EXERCISE GOAL
Starting at the line with "Xian Tao Lychee (仙桃荔枝) - Image 8" and ending at the line with "2-Day Private Tour", print exactly the lines of the entries below. Pictures do not belong in the copy.

===

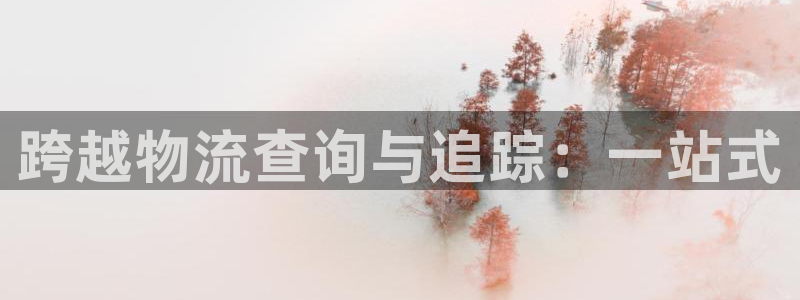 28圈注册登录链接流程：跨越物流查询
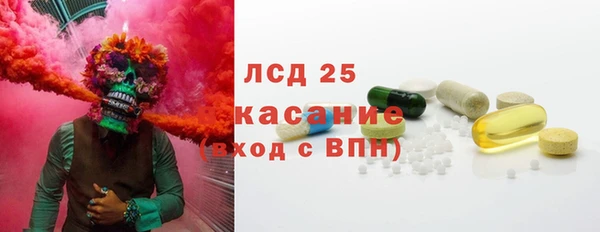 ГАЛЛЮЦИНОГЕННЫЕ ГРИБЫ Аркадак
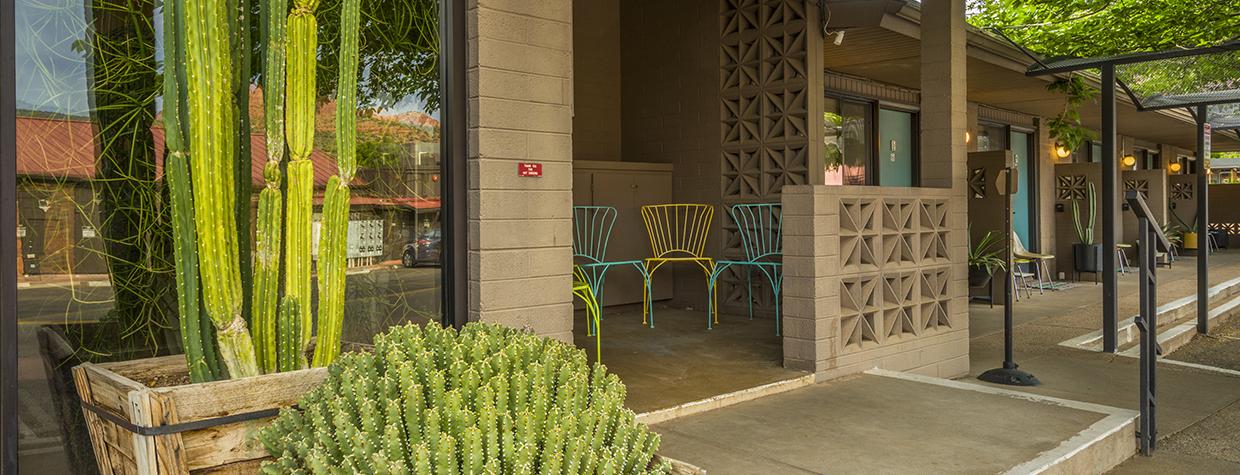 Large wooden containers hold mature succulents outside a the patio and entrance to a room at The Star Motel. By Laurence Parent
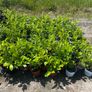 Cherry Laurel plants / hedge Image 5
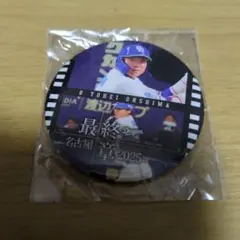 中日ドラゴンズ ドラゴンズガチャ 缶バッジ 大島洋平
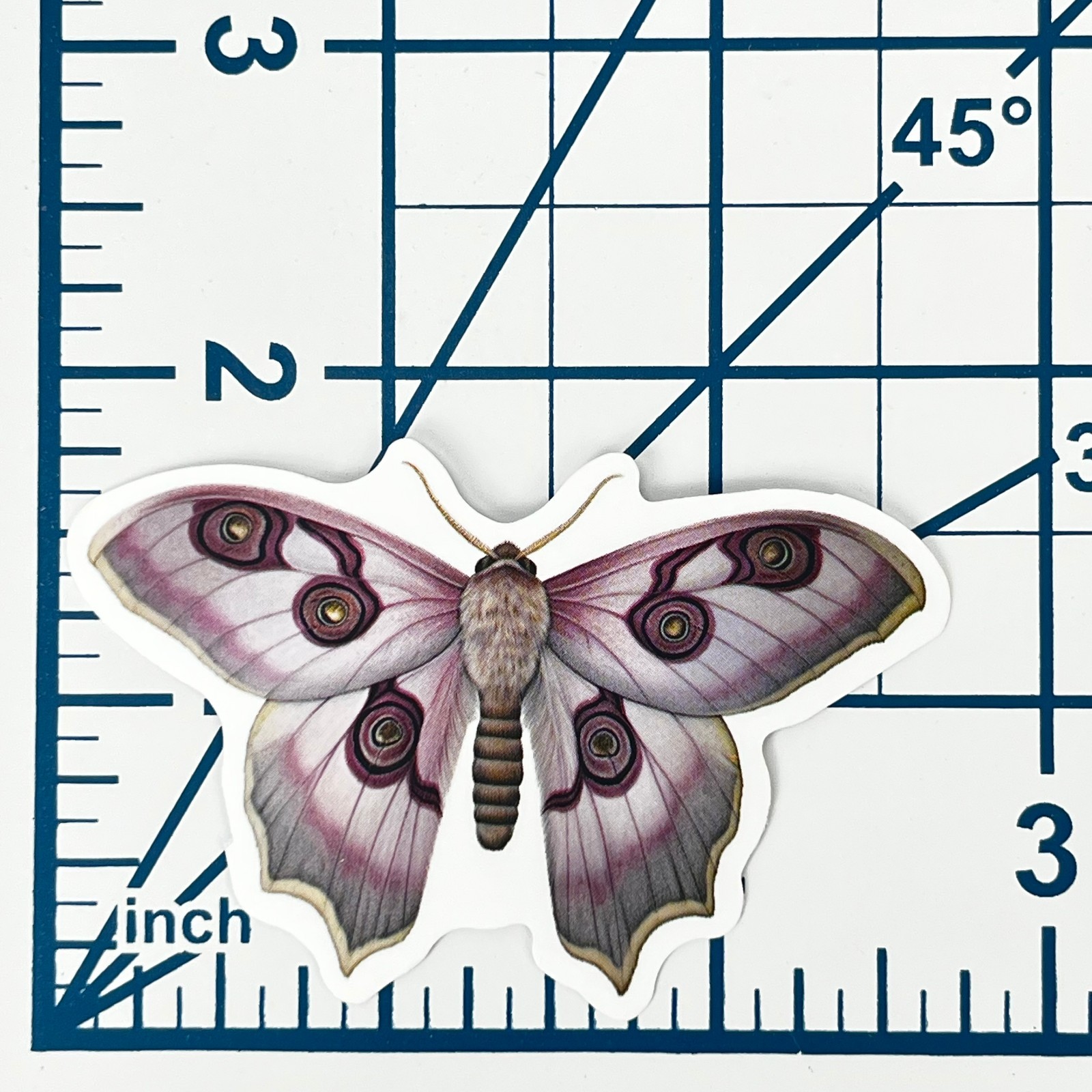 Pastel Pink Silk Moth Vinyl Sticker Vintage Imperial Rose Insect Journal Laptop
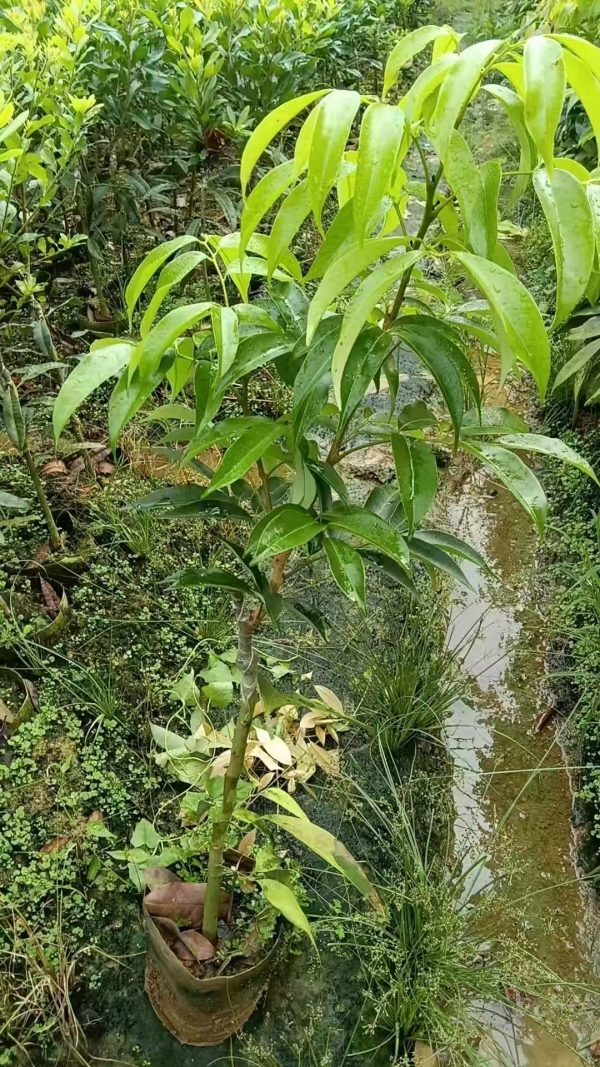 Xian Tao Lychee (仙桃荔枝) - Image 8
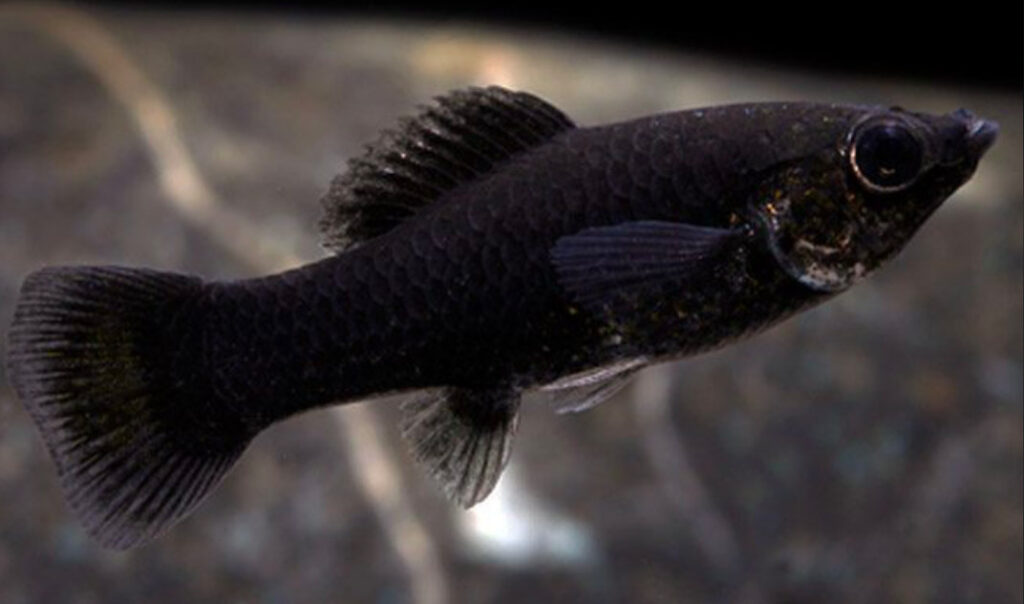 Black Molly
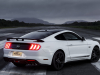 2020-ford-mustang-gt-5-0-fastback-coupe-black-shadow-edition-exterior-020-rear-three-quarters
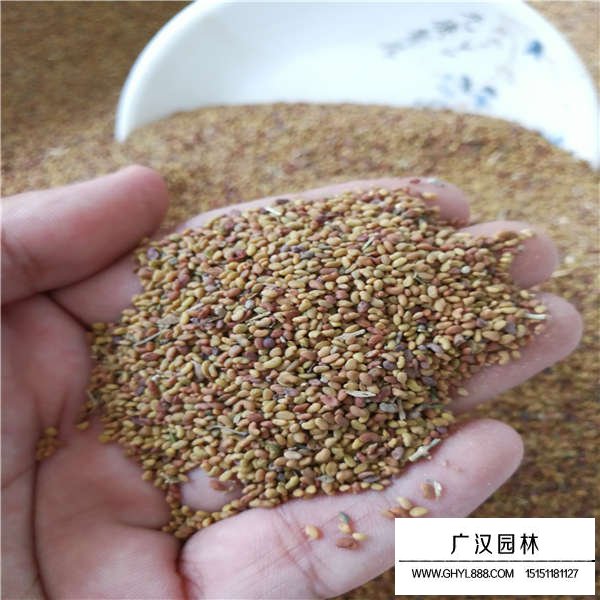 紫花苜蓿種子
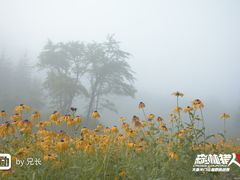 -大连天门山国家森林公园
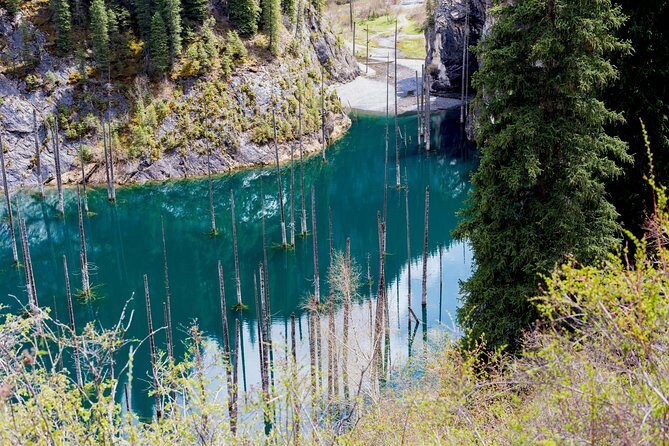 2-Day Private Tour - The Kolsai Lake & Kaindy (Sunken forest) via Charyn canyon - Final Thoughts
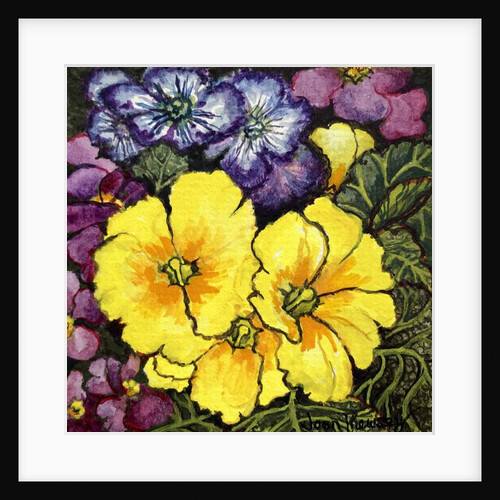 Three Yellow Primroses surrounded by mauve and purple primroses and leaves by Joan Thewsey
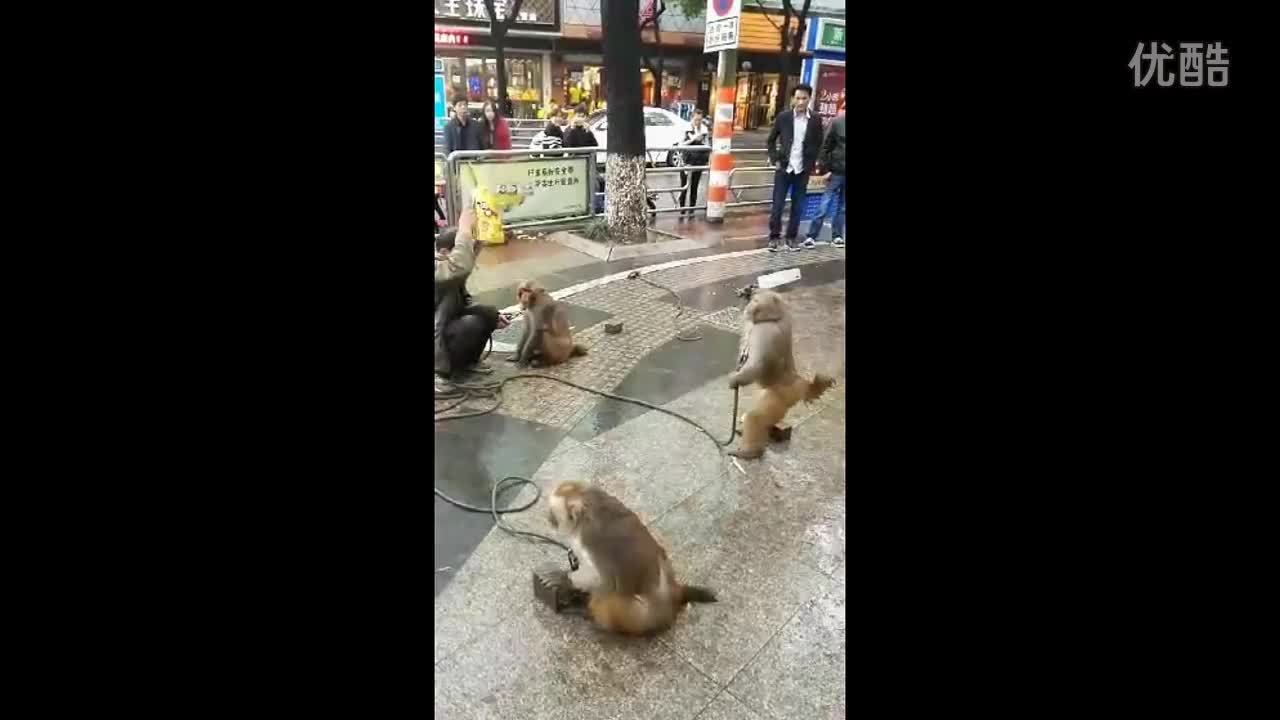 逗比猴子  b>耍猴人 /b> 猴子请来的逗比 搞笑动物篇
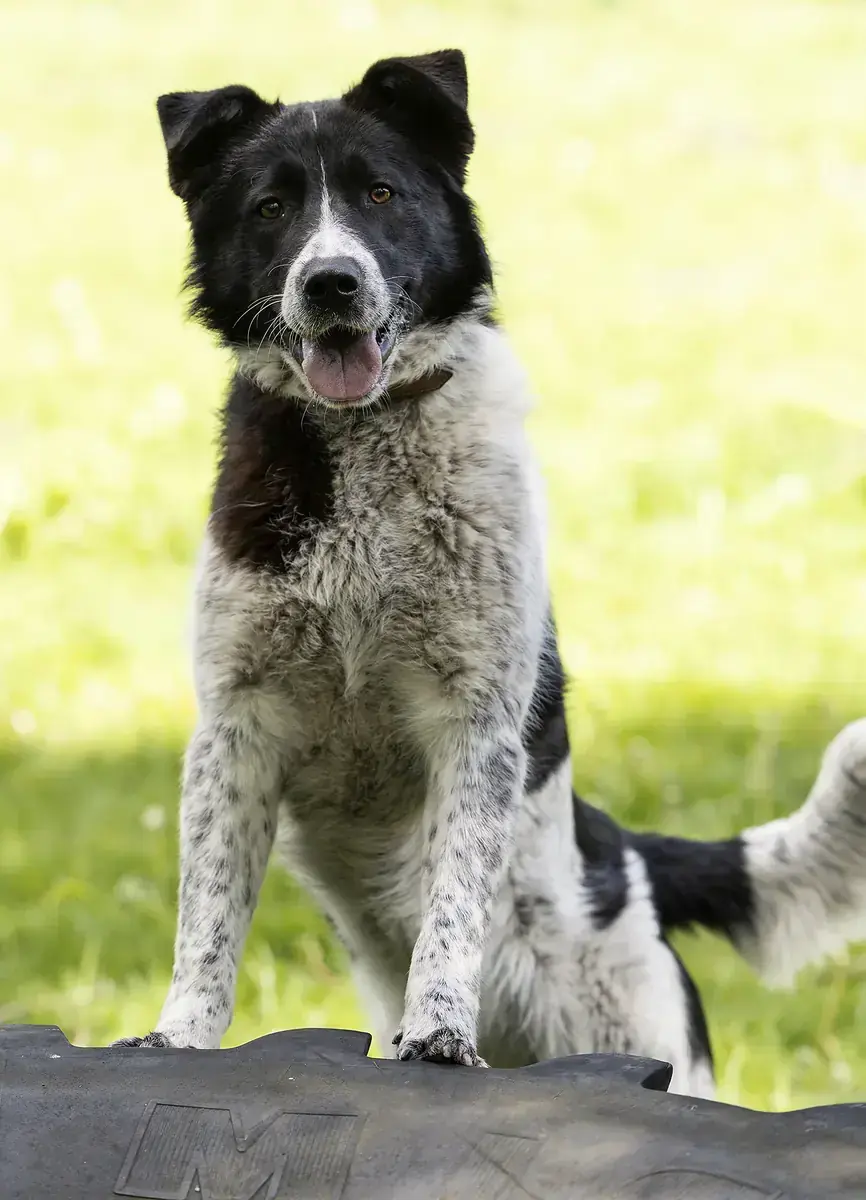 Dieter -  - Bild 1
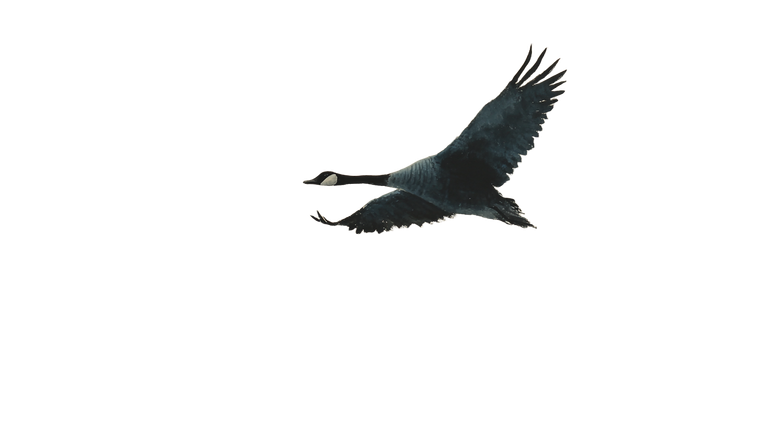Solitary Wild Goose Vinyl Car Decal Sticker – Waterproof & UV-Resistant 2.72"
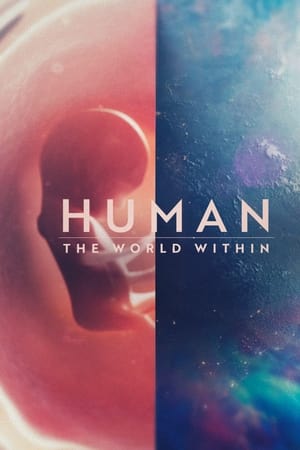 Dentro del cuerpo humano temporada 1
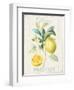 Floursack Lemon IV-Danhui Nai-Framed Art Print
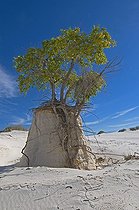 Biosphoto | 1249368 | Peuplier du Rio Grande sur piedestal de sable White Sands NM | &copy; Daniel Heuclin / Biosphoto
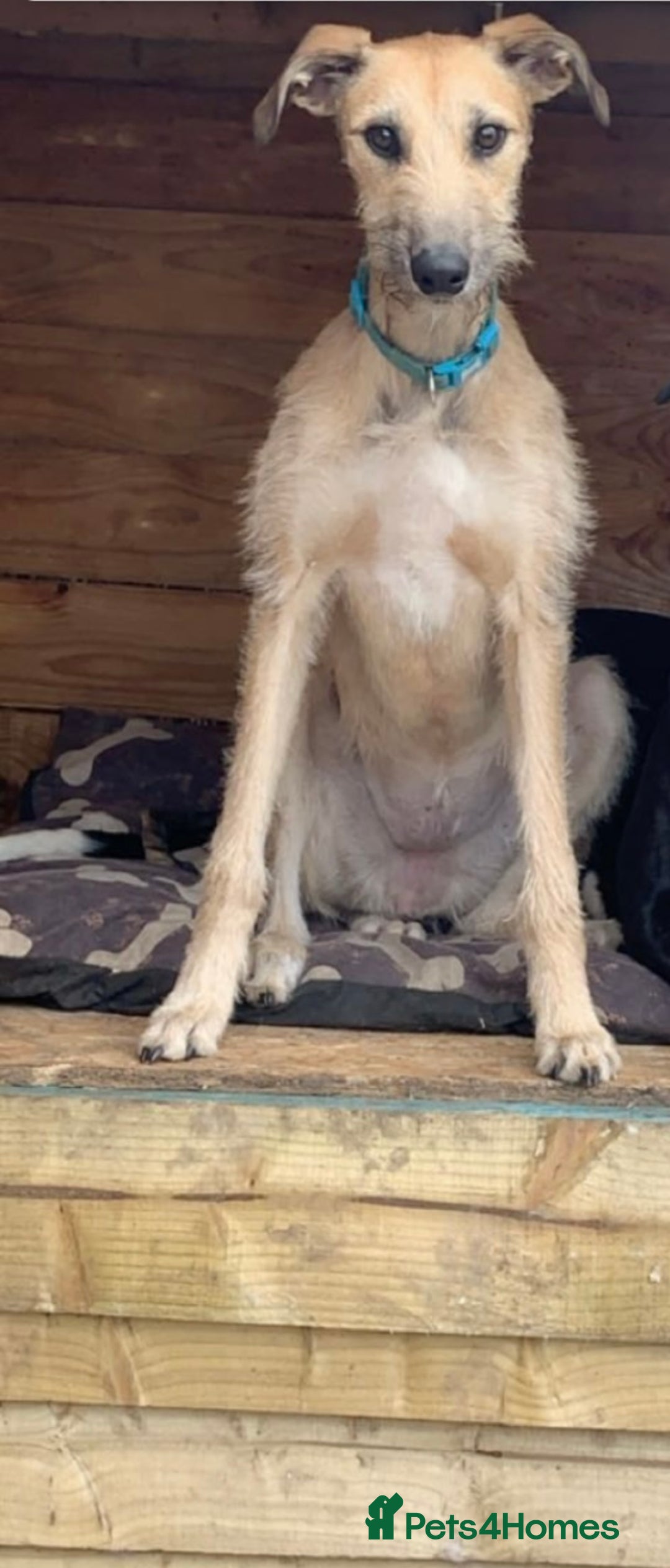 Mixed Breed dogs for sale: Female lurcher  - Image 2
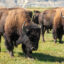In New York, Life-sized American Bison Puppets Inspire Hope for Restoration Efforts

===

FINISHED TASK
 Xian Tao Lychee (仙桃荔枝) - Image 8
 Black Molly
 2020-ford-mustang-gt-5-0-fastback-coupe-black-shadow-edition-exterior-020-rear-three-quarters
 紫花苜蓿種子
 -大连天门山国家森林公园
 2-Day Private Tour - The Kolsai Lake & Kaindy (Sunken forest) via Charyn canyon - Final Thoughts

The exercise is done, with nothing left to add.